25. In the Mirror
Still based on my same journal entry from February 25
In the last blog post I was talking about my solo item from the programme for my Ballet school concert of 1991.
Looking back through the programme that year, there were the usual pretty ‘Waltz of The Flowers’-type of items for my ballet students. But I must have been on fire with my new insights, because I also choreographed these dances: Here are the programme notes. Make of them what you will.
“Magic mirror” – this one had a young girl who kept coming back a few times to look in the magic mirror at the carnival (it was a clever one-way mirror, which when lit from the front showed her reflection, and then when lit from behind, showed someone else standing there.) Depending on what appeared to be her reflection, what she seemed to be in the mirror, she went off and became that person. Yeah, I know …. Deep. (Have you ever reflected on what was mirrored back to you as a child? What if you had been told that you were hopeless? Or that you were wonderful? Or that you could do absolutely anything you wanted? Or that you should not get too big for your boots or be too conspicuous? Or ….. I wonder what else was or could have been mirrored to you, and I wonder if you’re still holding that same image of yourself? For me, I feel that I’ve maintained and cherished the very best bits I was given, and created new aspects of my self-image that are a ‘better fit’ for me.
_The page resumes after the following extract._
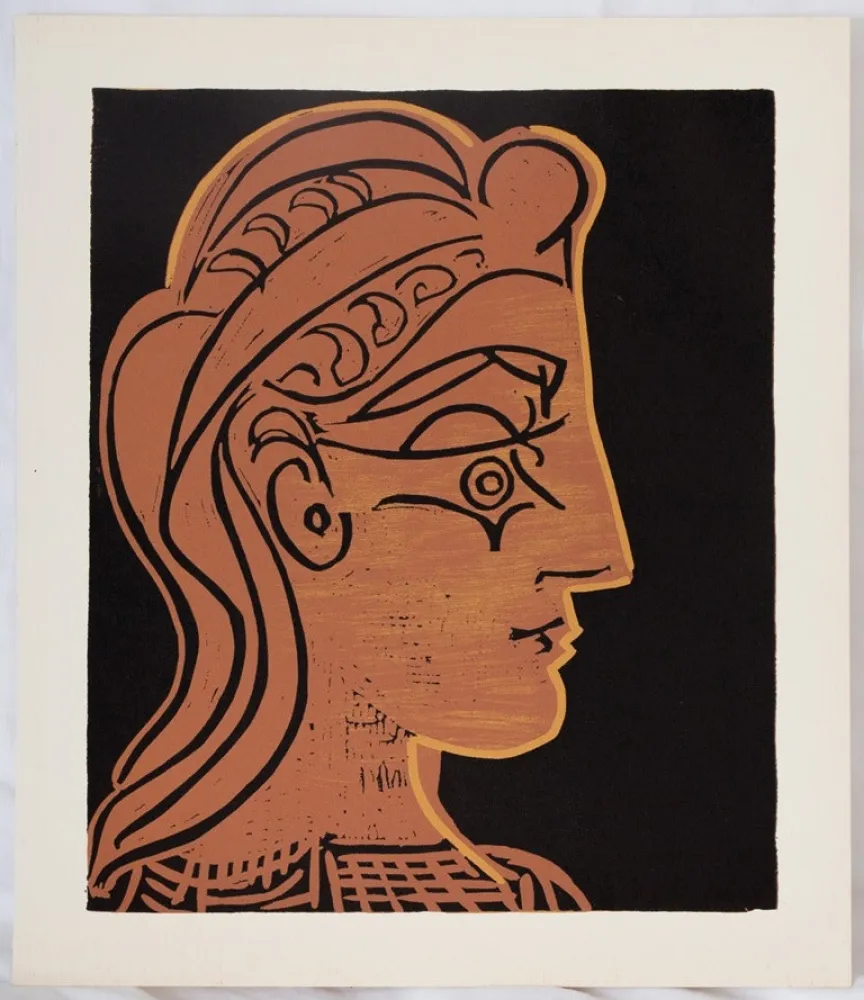 Linograbado Picasso - Femme de profil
Another item on the ballet concert programme was called “Trusting’”–
‘The self-reliant ‘people-ponies’ find that the magic begins when they finally trust their drivers to guide their journey.’ This ‘sweet little fantasy story’ had the kids dressed as ponies. Once they gave up their resistance to being driven, they turned into magical unicorns. Pretty cute. (! ? ! )
“Anything is Possible” – I used a song by Davies/Kretschmer, and quoted these lyrics: “Hey, yeah, I never could explain we’re all playing a game we never could win ….. We just wander all over the same old ground. Oh, I had the strangest dream and you shook your head and you looked at me and you said, ‘Open your eyes and maybe you will see ….’ Anything is possible in this world.” I seem to remember that in this dance I had some ‘toughies’ who turned into soft, gentle people when reunited with their childhood teddies, and some ‘bowls-ladies’ who kicked up their heels and became can-can dancers and did the splits. Pretty funny !
Then there was a dance that I had originally choreographed at the tender age of seventeen, when my own ballet teachers encouraged a few of us to choreograph. It was about two people with totally different styles (Classical and Jazz Ballet) having a dance-argument about their way being better. They flatly refused to have anything to do with each other, until finally they started to see some common ground. The last part had them still dancing their own unique style, but complementing each other’s movements at every turn. At the time, in my teens, I called it “The Compromise”.
For this revival of my dance, and with greater maturity under my belt now in my 30’s, I renamed it “Acceptance”.